Well... this chapter was finished in December, then I had my trusty Betareader betaread it, which took some time, too, and when he returned it to me, I was going through a very nasty illness from which I haven't yet fully recovered. Due to this all my other works (fanfiction and RL) have been halted or going in really slow-mo for some time.

But I've been greenlit for a couple of days thanks to the Miracles of Modern Chemistry, and my brain seems to be functioning again, so here I'm posting Chapter 2 of Elusive Goals for those who had almost forgot this story existed...

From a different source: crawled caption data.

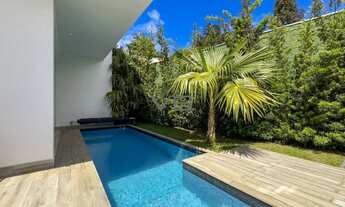 Imagem 2: Casa em Condomínio no Ecoville com 3 quartos sendo 3 Suítes com 4 Vagas de Garagem 460 m2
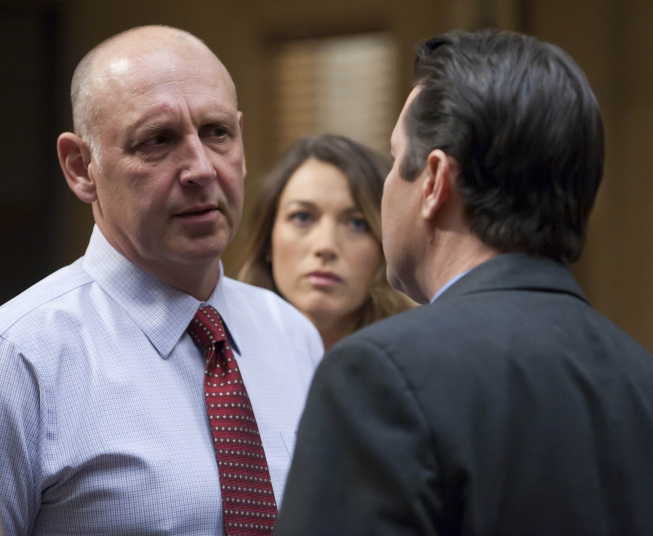 Still of Nick Searcy and Natalie Zea in Justified (2010)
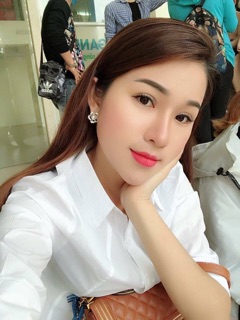 Kem duong trang da mat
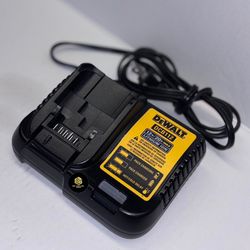 Dewalt 12V to 20V Lithium-Ion Battery Charger (DCB112 ) 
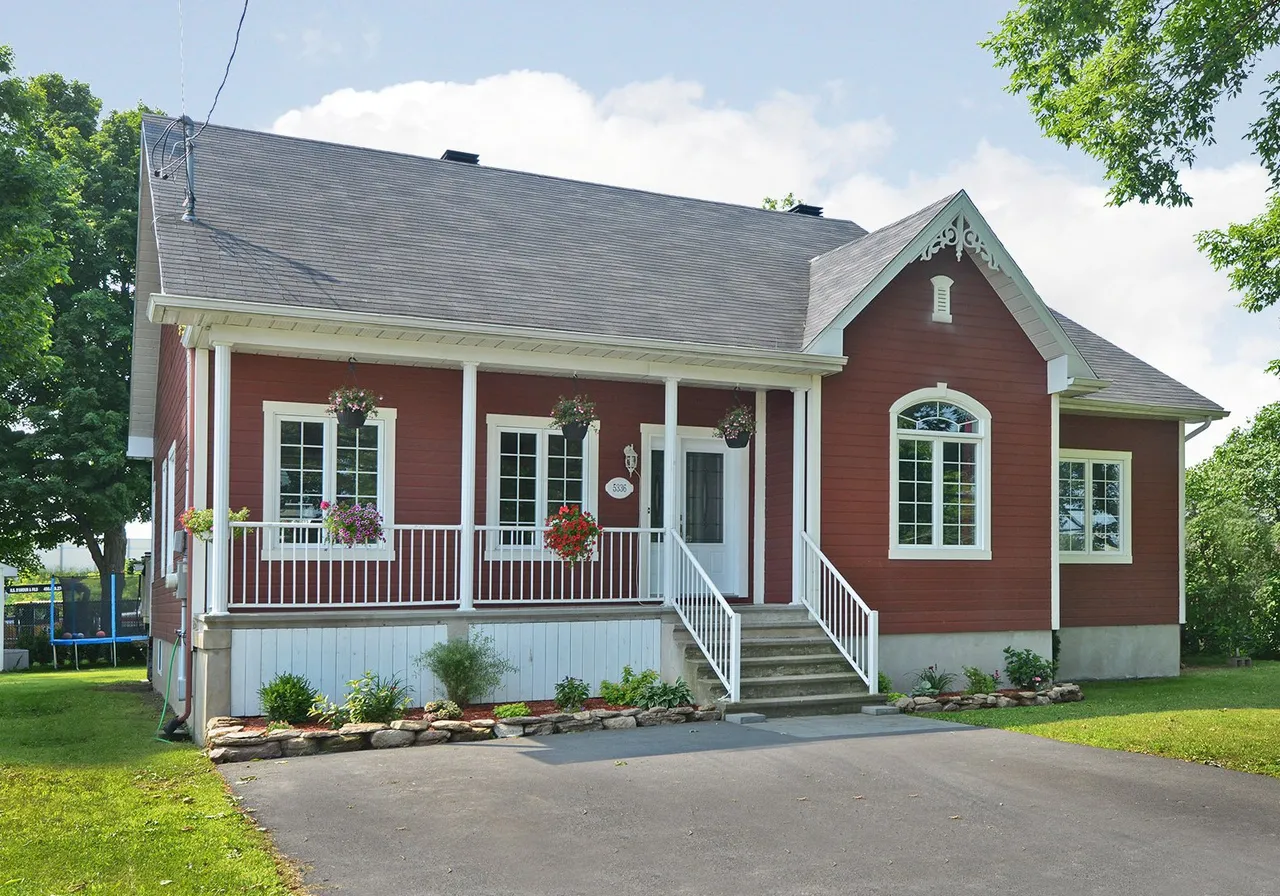 Maison à vendre - 5336 Boul. Hébert, Salaberry-de-Valleyfield, J6S 6H3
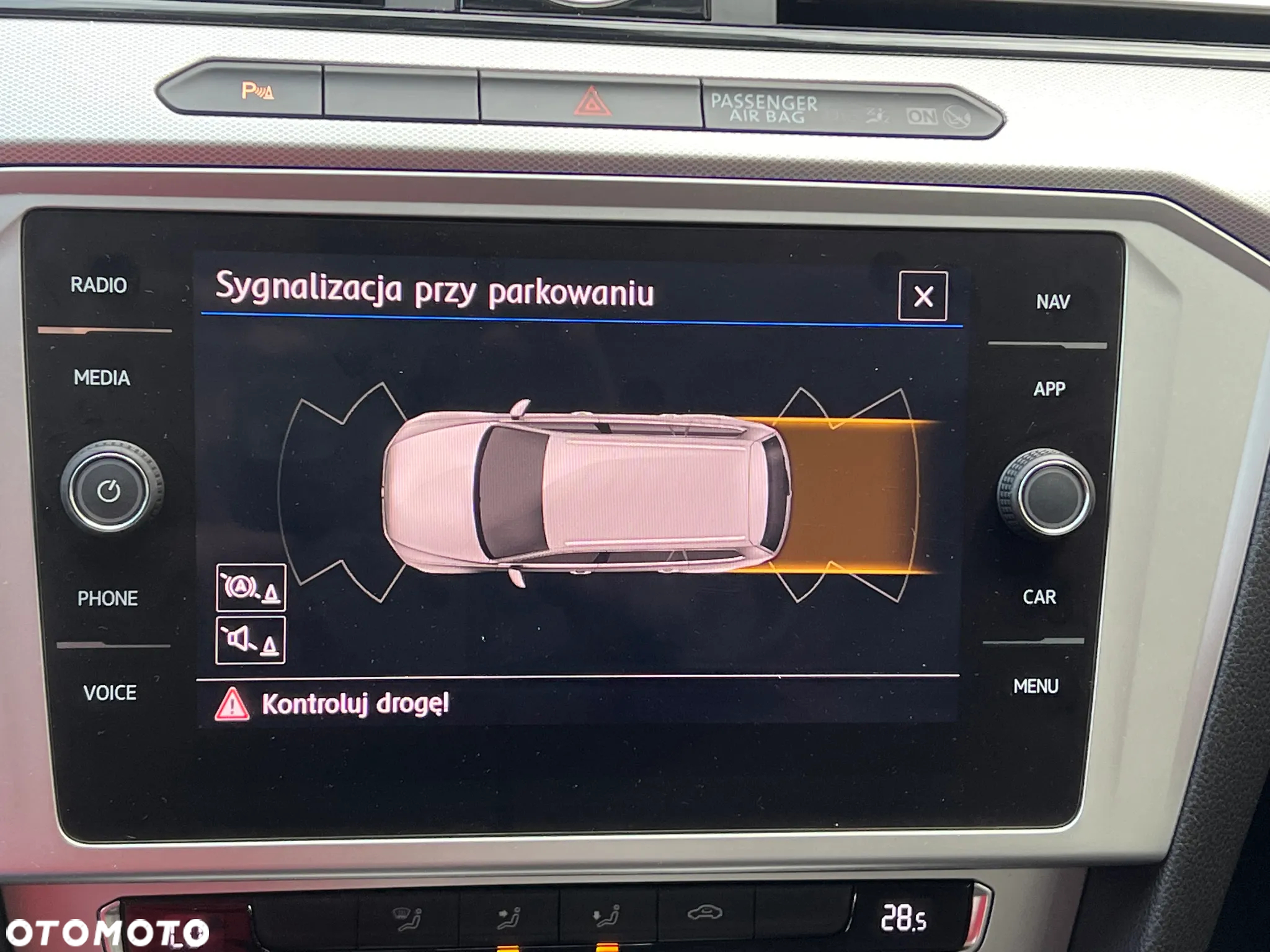 Volkswagen Passat 2.0 TDI BMT Comfortline - 16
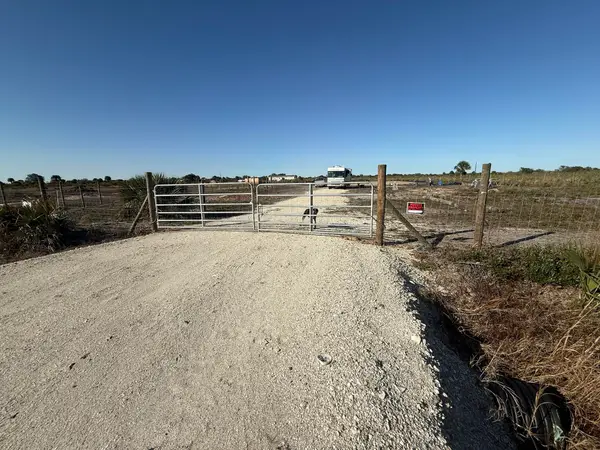 21377 NW 276th Street, Okeechobee, FL 34972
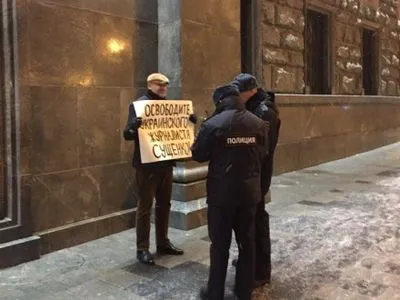М.Фейгин вышел на одиночную акцию возле здания ФСБ в Москве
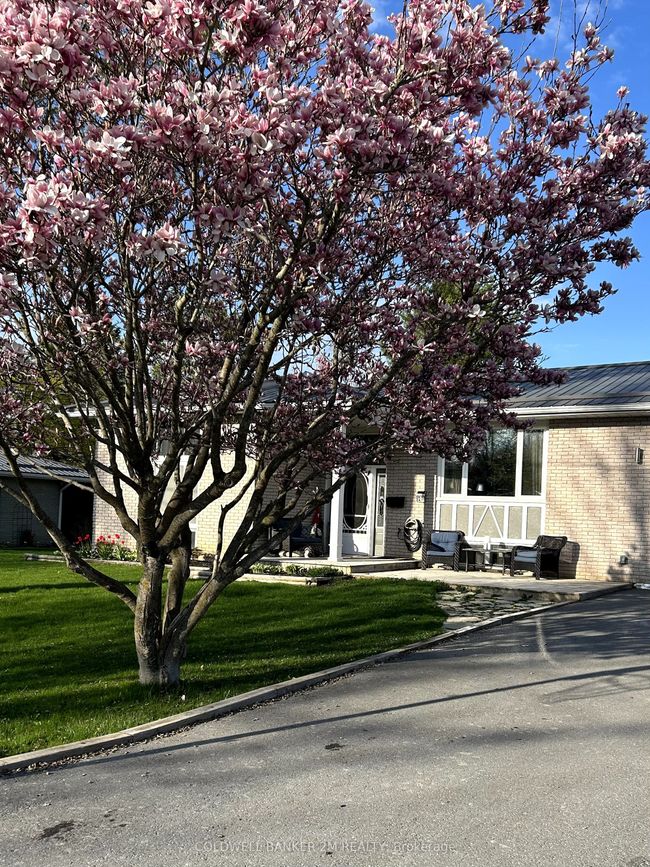 27 Anne St, House other with 4 bedrooms, 2 bathrooms and 6 parking in Millbrook ON | Image 39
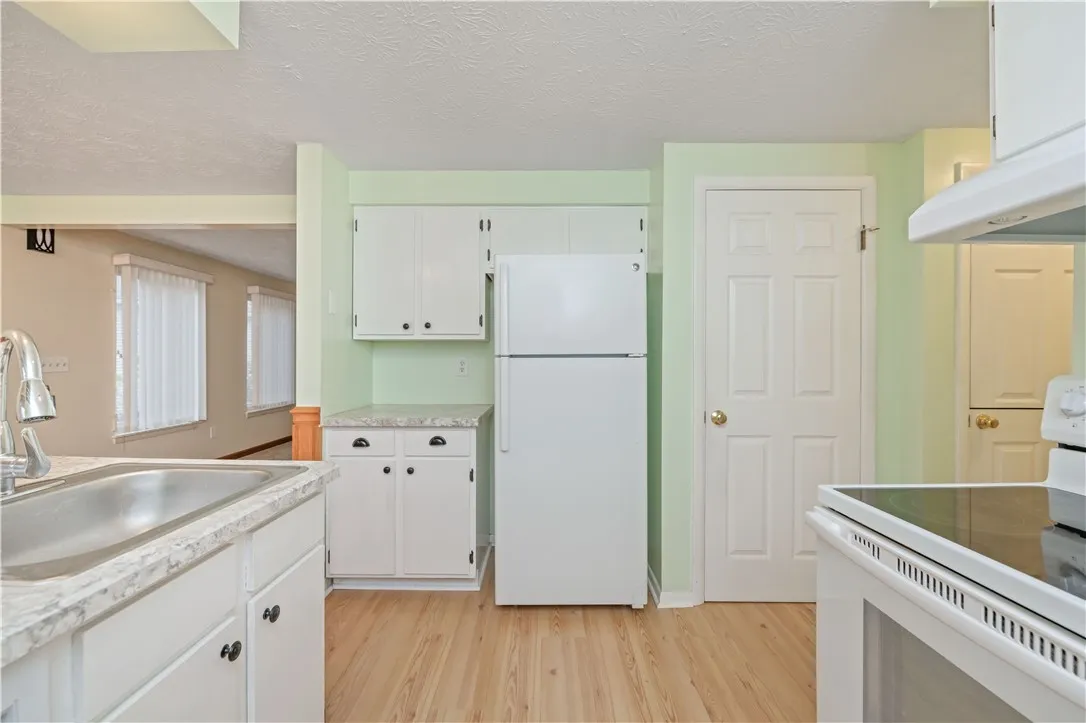 206 Greenway Boulevard, Riga, New York 14428, Riga, New York 14428, 3 Bedrooms Bedrooms, 8 Rooms Rooms,1 BathroomBathrooms,Residential,For Sale,206 Greenway Boulevard, Riga, New York 14428,0,R1650664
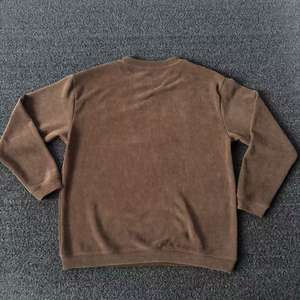 <span class=keywords><strong>Camiseta</strong></span> de pana térmica personalizable para hombre, <span class=keywords><strong>camiseta</strong></span> de manga larga holgada de felpa cálida para invierno 2025, venta al por mayor directa de fábrica - Product Image 3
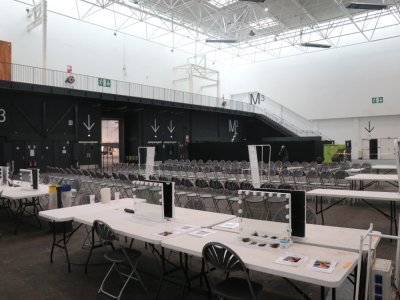 Le hall du Parc des expositions s'est transformé en une loge géante pour les artistes.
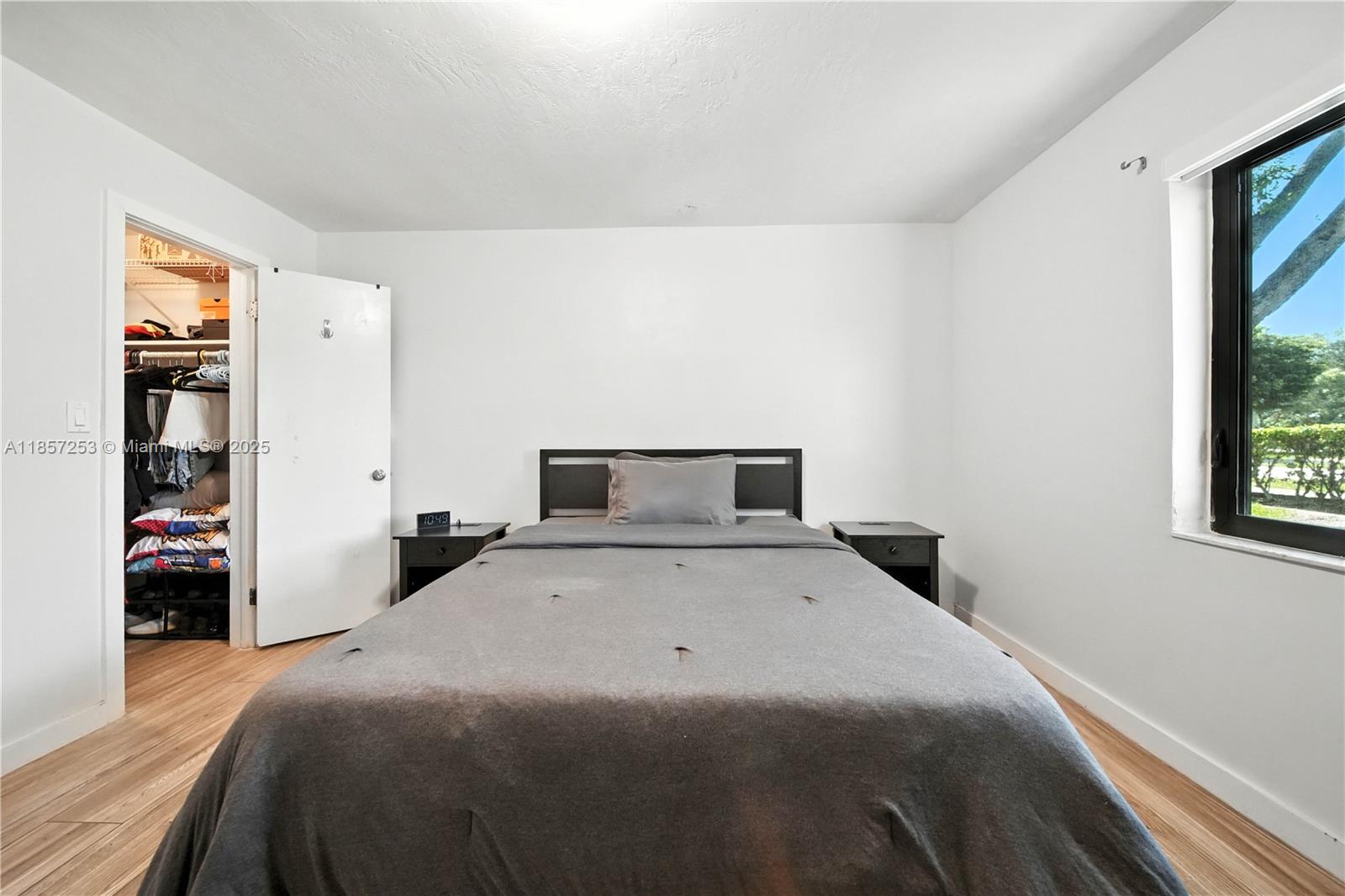 CASA GRANADA CONDO - Residential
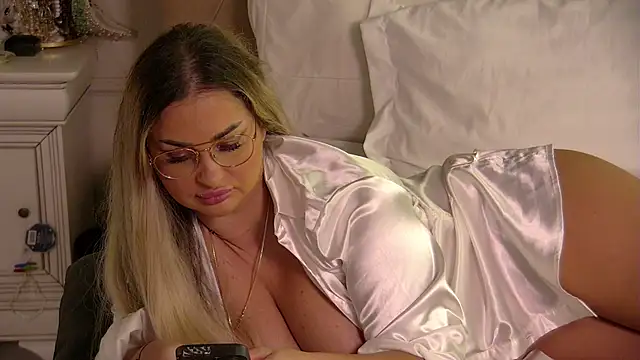 Denisse Perry online show from 02.15.26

Did I warn you, my faithful readers, that I like to write long? This chapter is 5250 words long, about 10 pages in my word processor. Lots of thanks to Censored who has somehow survived this checking, has patiently waited for me to hand him every section, and shows no signs of dementia yet, only having some microburst he has authorized me to quote, when I started sending him every section ending in a kind of cliffhanger:
Quote:
Originally Posted by Censored
Damn you and your waiting.
Note, this one delay is essentially my fault...

By all means, feel free to review constructively. I mean, come on, Xanthine did it, so why can't you? Just remember, if you read this story and you like it, show your support. I'll really need it.

And because I write soooooo long, here let me recap some of the previous events before continuing. Last time we saw Darius Mezze, he was granted an interview with the mysterious Leader of Team Rocket. This individual handed him and his contact agent, Syd, a special mission that would allow, if completed, for Darius to become an Admin of Team Rocket. The mission is to rise to the Indigo Tournament, fight and defeat in combat a specific Trainer who has been lost for some years... and who happens to be an old friend of Darius, Lou Varan.

What is the misson really about? Why was Darius chosen for this? Why has Lou been missing?

Oh well... Let's go back to business, shall we? I'll stop talking and let the story unfold. Let's continue then with...

Chatper 2: Light Debriefing



Syd got out of the elevator and walked across the corridor leading to the training facilities. He was carrying two cases, one in each hand. One of these was intended for him, and contained several documents, a fake passport, and three Poké Balls. The second one was intended for Darius, and it was exactly like the first case, save for the fact that it contained no Poké Balls.

Two other men in Rocket uniform passed by, saluting him; Syd could only nod and continue walking, listening to them talk excitedly about the upcoming large-scale project of Team Rocket. He reached the entrance of the training area and flashed his ID card to the guard, who greeted him by name.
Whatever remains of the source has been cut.